Güneş, Rusya’nın gerek fosfor ve potasyum kaynakları gerekse doğal gazdan kaynaklı olarak dünyada gübre konusunda son derece güçlü bir ülke olduğunu ifade etti. Türkiye’nin Mısır, İran, Rusya, Çin ve Fas’tan gübre ithal ettiğini aktaran Güneş, “Yıllara göre değişiklik arz etse de Türkiye Rusya’dan ortalama 700 bin ton – 1.5 milyon ton gübre ithal ediyor. Toplam ithalatımızın yaklaşık yüzde 15’ini Rusya’dan karşılıyoruz” dedi.
Metin Güneş
Kullanım azaldı
Türkiye’de dünya ortalamasının altında bir gübre kullanımı olduğunu söyleyen Güneş, “Bugün dünyada kullanılan gübre miktarı aşağı yukarı hektara 150 kilogram. Biz hektara 110 – 115 kilogram civarında gübre kullanıyoruz. Gübre maliyetleri, çiftçinin bilinçsiz gübre kullanımı, toprak analizlerinin sağlıklı yapılamaması nedeniyle dünya ortalamasının altında kalıyor olabiliriz” diye konuştu.
‘Fiyatları yatay tutar’
Güneş, gübreye en çok Avrupa ülkelerinin ihtiyaç duyacağına işaret ederek şöyle devam etti:
“Avrupa, Rusya’dan amonyak ihtiyacının yüzde 23’ünü, üre ihtiyacının yüzde 15’ini, amonyum nitrat ihtiyacının yüzde 50’sini karşılıyordu. Dolayısıyla Avrupa bu ürünleri şu anda yaptırımlardan dolayı alamadığı için Amerika’ya, Kuzey Afrika ülkelerine ve diğer ülkelere yöneliyor. Bu süreç bu şekilde devam ederse gübre fiyatlarında bir stres oluşturacağı kesin gözüküyor. Bu konun çözülebilmesi, bitkisel üretimin aksamaması için gübreyle ilgili bir koridor oluşturulması önemli. Rusya üzerinden bir gübre koridoru oluşturulması dünyadaki gübre ticaretini rahatlatacaktır. Rusya’dan bir koridor oluşturulması fiyatları yatay şekilde tutar.”
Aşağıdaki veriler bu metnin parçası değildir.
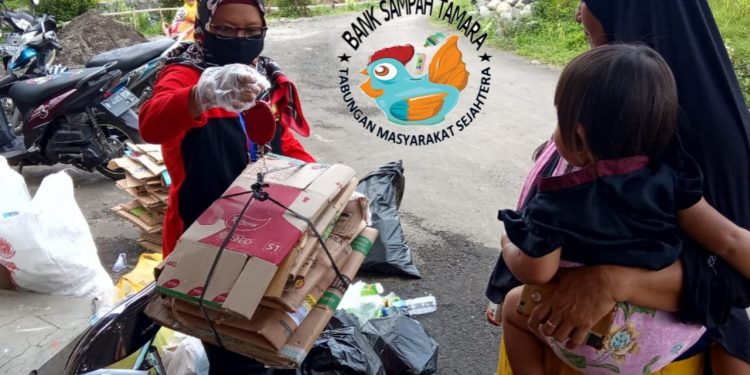 Kreativitas Bank Sampah Binaan Puskesmas Kutamendala Brebes, Ubah yang Terbuang Jadi Uang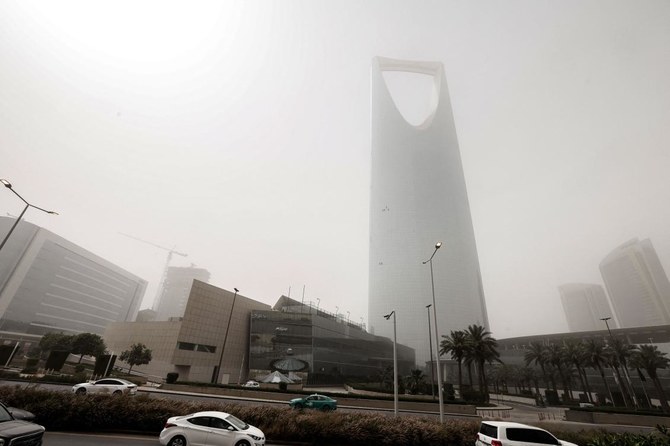 Sandstorm blankets Saudi Arabia’s Riyadh in grey haze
Hem yüz yüze, hem telefonda konuşuldu
Cumhurbaşkanı Erdoğan’ın, Rusya lideri Putin ile Şanghay İşbirliği Zirvesi’ndeki görüşmesinde de Rusya menşeili tahıl ve gübre sevkiyatı ana gündem başlıkları arasında yer almıştı. İki lider önceki günkü telefon görüşmesinde de yine bu konuyu ele aldı. Cumhurbaşkanlığı İletişim Başkanlığı’ndan yapılan açıklamaya göre Erdoğan görüşmede, BM’nin de katkısıyla geliştirdikleri İstanbul Mutabakatı’nın işlemesinden memnuniyet duyduğunu ifade etti. Kasımda süresi dolacak mekanizmanın uzatılmasının müşterek menfaat olduğunu belirten Erdoğan, Rus gübresinin ve tahıl ürünlerinin kesintisiz ihracı konusunda da çalışmaya devam ettiklerini dile getirdi.
Azotluda birinci
Dünyada kimyasal gübre ihracatının yüzde 14’ü Rusya tarafından gerçekleştiriliyordu. Rusya dünyada azotlu gübre ihracatında birinci, potasyum ve fosforlu gübre ihracatında ise ikinci sırada bulunuyor.